3. Division of Medical Oncology, Rush University Medical Center, Chicago, IL 60612, USA

4. CDI Laboratories, Mayagüez, PR 00680, USA

5. Department of Cardiovascular and Thoracic Surgery, Rush University Medical Center, Chicago, IL 60612, USA

6. Department of Diagnostic Radiology, Rush University Medical Center, Chicago, IL 60612, USA

7. Department of Pathology, Rush University Medical Center, Chicago, IL 60612, USA

Abstract

Due to poor compliance and uptake of LDCT screening among high-risk populations, lung cancer is often diagnosed in advanced stages where treatment is rarely curative.

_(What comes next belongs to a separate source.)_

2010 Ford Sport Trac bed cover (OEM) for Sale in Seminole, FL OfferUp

Based upon the American College of Radiology’s Lung Imaging and Reporting Data System (Lung-RADS) 80–90% of patients screened will have clinically “non-actionable” nodules (Lung-RADS 1 or 2), and those harboring larger, clinically “actionable” nodules (Lung-RADS 3 or 4) have a significantly greater risk of lung cancer. The development of a companion diagnostic method capable of identifying patients likely to have a clinically actionable nodule identified during LDCT is anticipated to improve accessibility and uptake of the paradigm and improve early detection rates. Using protein microarrays, we identified 501 circulating targets with differential immunoreactivities against cohorts characterized as possessing either actionable (n = 42) or non-actionable (n = 20) solid pulmonary nodules, per Lung-RADS guidelines. Quantitative assays were assembled on the Luminex platform for the 26 most promising targets. These assays were used to measure serum autoantibody levels in 841 patients, consisting of benign (BN; n = 101), early-stage non-small cell lung cancer (NSCLC; n = 245), other early-stage malignancies within the lung (n = 29), and individuals meeting United States Preventative Screening Task Force (USPSTF) screening inclusion criteria with both actionable (n = 87) and non-actionable radiologic findings (n = 379). These 841 patients were randomly split into three cohorts: Training, Validation 1, and Validation 2. Of the 26 candidate biomarkers tested, 17 differentiated patients with actionable nodules from those with non-actionable nodules. A random forest model consisting of six autoantibody (Annexin 2, DCD, MID1IP1, PNMA1, TAF10, ZNF696) biomarkers was developed to optimize our classification performance; it possessed a positive predictive value (PPV) of 61.4%/61.0% and negative predictive value (NPV) of 95.7%/83.9% against Validation cohorts 1 and 2, respectively. This panel may improve patient selection methods for lung cancer screening, serving to greatly reduce the futile screening rate while also improving accessibility to the paradigm for underserved populations.

Funder

Swim Across America Foundation

Mary and John Bent Surgery Chair

Lung Cancer Research Fund

Publisher

MDPI AG

Subject

Cancer Research,Oncology

Reference35 articles.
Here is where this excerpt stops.